Thursday, May 26, 2022

A myth as a philosophical problem

 A second thought on yesterday’s dog story: In the Greek myths, Laelaps, the dog, was destined to catch everything it chased. The Cadmean fox was destined never to be caught.

One reason the story interests me is that I think we have a bias in our culture for scientific solutions. We would like to think that if we had accurate measurements of, say, Laelaps’s ability to accelerate and the fox’s ability to change directions we might be able to predict who would really win.

We want to say that there could be a calculus for this.

But it’s not that kind of problem. There are other kinds of problems that we experience in life —or, more accurately, that we experience in our language, as we try to talk about our lives. And, as with this problem, the ability to collect and analyze data is not relevant.

It’s a logical problem: a contradiction.
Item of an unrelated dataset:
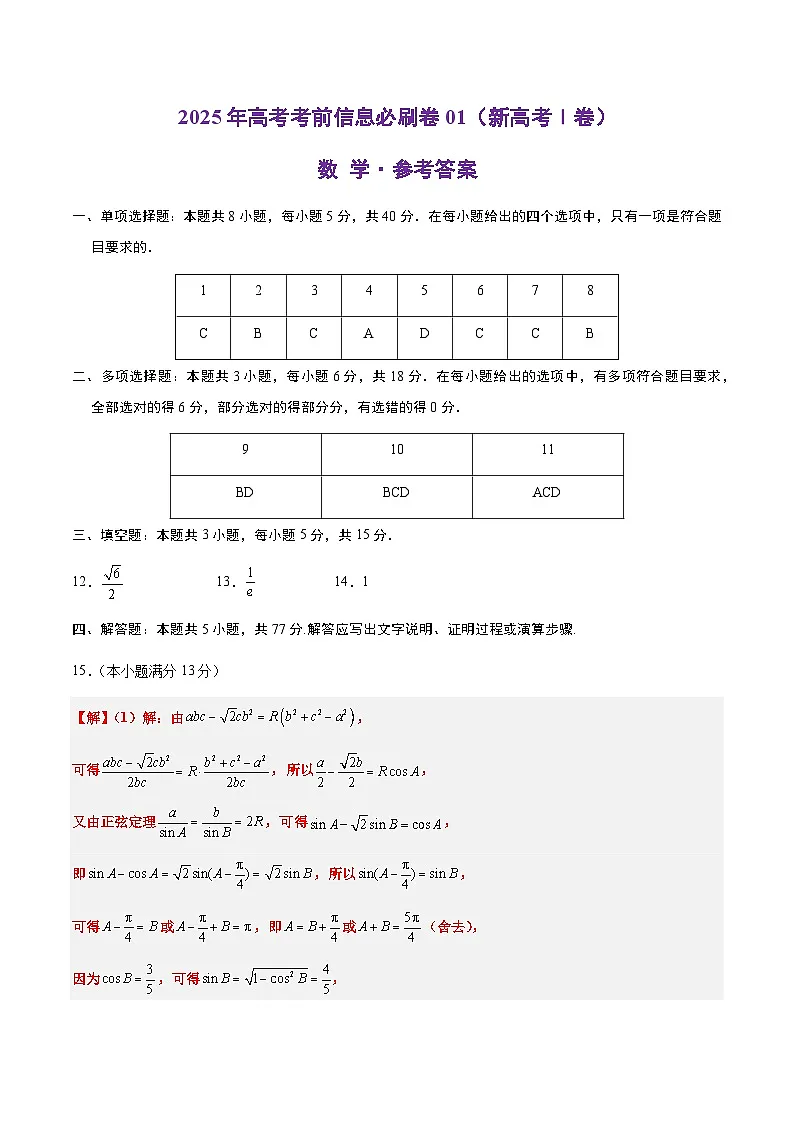 2025年高考数学考前秘卷 01(新高考Ⅰ卷专用)参考答案第1页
The alleged destinies of both dog and fox can’t possibly be true.

As a student, I was interested in the logic of propositions. I later got interested in philosophers who noticed other kinds of contradictions in language — not just those between propositions. For example, if I say that the neighborhood kid who hopes to play point guard in college is 5-foot-9, that sentence rules out — or contradicts — other possibilities. If he’s 5-foot-9, that rules out the possibility of his being 7-foot-1. He’s not going to have a second shot at playing center if he doesn’t make the team at point guard. All of that, intended or not, is implicit in that first sentence, a description of his height.

The logic of our language is more complex than it appears. If I had more than one life, one would go to the study of logic.

• Notes: (1) I should have pointed out that you can find more than one version of the myth. In some, the wonderful dog was a gift of Zeus, not of Artemis. (2) If you’re wondering about pronunciation, I like LIE-lops.